1NYU College of Nursing, New York University, New York City, NY, United States

2Motivational Environments Research Group, School of Computing, Informatics, and Decision Systems Engineering, Arizona State University, Tempe, AZ, United States

3MGH Institute, School of Nursing, MGH, Boston, MA, United States

*these authors contributed equally

Corresponding Author:

Winslow Burleson, PhD

NYU College of Nursing

New York University

433 1st Ave

New York City, NY, 10010

United States

Phone: 1 2129985376

Fax:1 2129985376

Email: wb50@nyu.edu


People living with advanced stages of dementia (PWD) or other cognitive disorders do not have the luxury of remembering how to perform basic day-to-day activities, making them increasingly dependent on the assistance of caregivers. Dressing is one of the most common activities provided by caregivers. It is also one of the most stressful for both parties due to its complexity and privacy challenges posed during the process. In this paper, we present the first of its kind system (DRESS) that aims to provide much needed independence and privacy to individuals with PWDs, and afford additional freedom to their caregivers. The DRESS system is designed to deliver continuous, automated, personally tailored feedback to support PWD’s during the process of dressing. The core of DRESS consists of a computer vision based detection system that continuously monitors the dressing state of the user, identifies and prompts correct and incorrect dressing states, and provides corresponding cues to help complete the dressing process adequately with minimal, or ideally no, caregiver intervention. The DRESS system detects clothing location and orientation and status with respect to the dressing process by identifying and tracking fiducial markers (visual icons) attached to clothes. In preparation for in-home trials with PWDs, we evaluated the system’s ability to detect dressing events by asking 11 healthy participants to simulate common correct and incorrect dressing scenarios, such as donning shirt and pants inside out, back in front, and partial dressing, in a laboratory setting. We found that although the fiducial tracking system missed a few expected detections, it was generally capable of detecting dressing phases for both pants and shirt. Our study suggests that the use of a fiducial tracking system in the context of detecting dressing processes has the potential to automatically recognize, and generate prompts and feedback to assist PWDs or related cognitive disorders to correctly dress themselves with little or, ideally no assistance from their caregivers.

iProc 2015;1(1):e13

doi:10.2196/iproc.4700

Keywords


(This is a conference paper presented at the Connected Health Symposium, Boston, 2015, which was not edited and is only lightly peer-reviewed).

Multimedia Appendix 1

Images one through four.

PDF File (Adobe PDF File), 611KB

Multimedia Appendix 2

Extended abstract.

PDF File (Adobe PDF File), 488KB

    Edited by T Hale, G Eysenbach; submitted 14.05.15; peer-reviewed by B Hattink, T Kwok, E Konstantinidis; accepted 20.07.15; published 27.10.15

    Copyright

    ©Winslow Burleson, Cecil Lozano, Vijay Ravishankar, Jeremy Rowe, Edward Mahoney, Diane Mahoney.

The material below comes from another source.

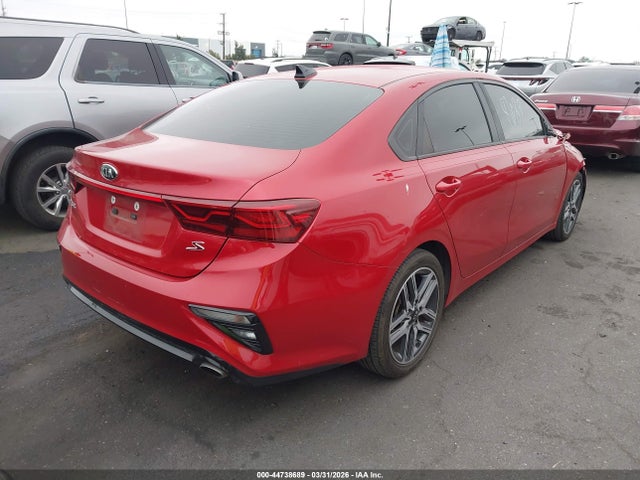3KPF34AD3KE048225 KIA FORTE S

Originally published in JMIR Mhealth and Uhealth (http://www.iproc.org), 27.10.2015.

    This is an open-access article distributed under the terms of the Creative Commons Attribution License (http://creativecommons.org/licenses/by/2.0/), which permits unrestricted use, distribution, and reproduction in any medium, provided the original work, first published in JMIR mhealth and uhealth, is properly cited. The complete bibliographic information, a link to the original publication on http://mhealth.jmir.org/, as well as this copyright and license information must be included.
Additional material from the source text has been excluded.